Non del tutto a torto è diventata proverbiale una frase che pare risalga a San Bernardo da Chiaravalle (1090 – 1153), secondo cui “la via dell’inferno è lastricata di buone intenzioni”, ovviamente staccate da ogni considerazione basata sull’etica della responsabilità. Le conseguenze di un’etica di questo genere sono infatti decisamente criticabili da vari punti di vista.

Tre vittime

Innanzitutto, in forza di essa si giustifica in maniera totalmente acritica qualunque atto, anche se illegale, basato sui principi dell’accoglienza (ma talora le intenzioni non sono così limpide), compreso persino l’uso della forza (si pensi al famoso “speronamento” di qualche anno fa), e questo finisce per coprire senza nemmeno prenderli in considerazione errori ed azioni fonti di gravi danni umani e sociali sia per i cittadini italiani che per gli immigrati.

In secondo luogo (altra influenza della cultura manichea tipica del pensiero woke), la stessa morale che “santifica” i favorevoli all’immigrazione incontrollata, “demonizza” i contrari, i quali con tutto il rispetto per chi sostiene tali idee, non sono degli hostes humani generis, dei nemici del genere umano, e nemmeno dei cattivi cristiani, ma solo delle persone che all’etica delle intenzioni scelgono di affiancare quella della responsabilità, e che ritengono che in questa materia le conseguenze negative dell’immigrazione illegale finiscono per vanificare i migliori ideali richiamati a favore della stessa.

Infine, la vittima forse più importante è la stessa morale cristiana, che rischia di appiattirsi sui principi della cultura woke (già oggi, spesso molte omelie di ecclesiastici non si distinguono dai comizi degli attivisti politicamente corretti) legandosi a principi morali tanto astratti dalla realtà concreta quanto capaci in pratica di rendere la stessa realtà meno giusta e meno vivibile per tutti.
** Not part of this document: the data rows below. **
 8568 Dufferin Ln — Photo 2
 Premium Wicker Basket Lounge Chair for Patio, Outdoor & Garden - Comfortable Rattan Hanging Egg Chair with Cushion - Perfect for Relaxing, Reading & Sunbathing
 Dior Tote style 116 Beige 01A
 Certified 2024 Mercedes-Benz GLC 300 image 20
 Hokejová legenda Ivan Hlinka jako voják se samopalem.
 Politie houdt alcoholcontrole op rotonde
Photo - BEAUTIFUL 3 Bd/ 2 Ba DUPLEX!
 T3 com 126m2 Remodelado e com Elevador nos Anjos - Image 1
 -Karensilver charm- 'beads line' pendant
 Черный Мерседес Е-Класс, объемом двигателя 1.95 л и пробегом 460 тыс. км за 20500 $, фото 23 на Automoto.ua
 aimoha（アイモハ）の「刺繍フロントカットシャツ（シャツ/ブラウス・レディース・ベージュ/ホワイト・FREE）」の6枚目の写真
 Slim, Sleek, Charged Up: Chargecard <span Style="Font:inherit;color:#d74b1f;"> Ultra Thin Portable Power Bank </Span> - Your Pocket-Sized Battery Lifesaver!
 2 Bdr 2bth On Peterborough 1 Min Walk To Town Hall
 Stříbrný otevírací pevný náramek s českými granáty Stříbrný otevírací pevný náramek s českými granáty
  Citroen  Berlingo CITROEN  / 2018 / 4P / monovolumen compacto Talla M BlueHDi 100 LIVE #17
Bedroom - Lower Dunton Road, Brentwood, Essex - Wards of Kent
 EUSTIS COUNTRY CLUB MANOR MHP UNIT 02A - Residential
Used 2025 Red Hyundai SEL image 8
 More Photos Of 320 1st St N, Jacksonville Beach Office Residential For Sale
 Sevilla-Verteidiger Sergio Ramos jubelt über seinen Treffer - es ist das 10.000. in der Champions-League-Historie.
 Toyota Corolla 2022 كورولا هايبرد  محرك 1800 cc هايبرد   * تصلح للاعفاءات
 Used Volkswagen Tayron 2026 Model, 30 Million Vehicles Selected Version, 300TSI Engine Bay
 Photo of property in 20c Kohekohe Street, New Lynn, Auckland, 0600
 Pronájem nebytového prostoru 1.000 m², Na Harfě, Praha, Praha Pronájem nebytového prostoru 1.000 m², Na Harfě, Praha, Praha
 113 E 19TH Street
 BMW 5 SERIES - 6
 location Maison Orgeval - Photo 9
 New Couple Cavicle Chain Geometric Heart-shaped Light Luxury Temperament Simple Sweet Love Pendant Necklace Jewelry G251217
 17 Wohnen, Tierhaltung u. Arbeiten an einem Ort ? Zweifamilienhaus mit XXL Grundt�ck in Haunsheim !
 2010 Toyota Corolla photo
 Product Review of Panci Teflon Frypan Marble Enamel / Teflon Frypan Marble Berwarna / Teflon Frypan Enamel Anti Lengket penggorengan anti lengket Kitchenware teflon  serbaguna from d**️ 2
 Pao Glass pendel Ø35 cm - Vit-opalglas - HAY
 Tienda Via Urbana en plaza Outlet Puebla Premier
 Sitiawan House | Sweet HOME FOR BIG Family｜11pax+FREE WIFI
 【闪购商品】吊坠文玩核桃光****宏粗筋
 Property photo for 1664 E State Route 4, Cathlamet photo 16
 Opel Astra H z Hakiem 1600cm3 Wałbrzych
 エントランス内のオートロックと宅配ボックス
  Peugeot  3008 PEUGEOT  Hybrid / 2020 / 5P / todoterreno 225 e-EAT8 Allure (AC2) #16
Forse proprio una serena rimeditazione della morale cristiana e dei suoi due aspetti, l’etica dei principi e quella della responsabilità può essere la via per impostare un dialogo non manicheo sull’immigrazione illegale (ma il discorso è valido anche per altri temi) e per ribadire che il ruolo della morale dei cristiani (con tutte le differenze che ci possono essere tra i diversi punti di vista) mira a valori ad un tempo più alti ma meno astratti di quelli della cultura politicamente corretta ed inclusivista a tutti i costi e per affermare la speranza fiduciosa, per fortuna presente anche in molti esponenti delle diverse chiese, che non sarà la cultura woke ad affossare né la morale cristiana né la civiltà occidentale.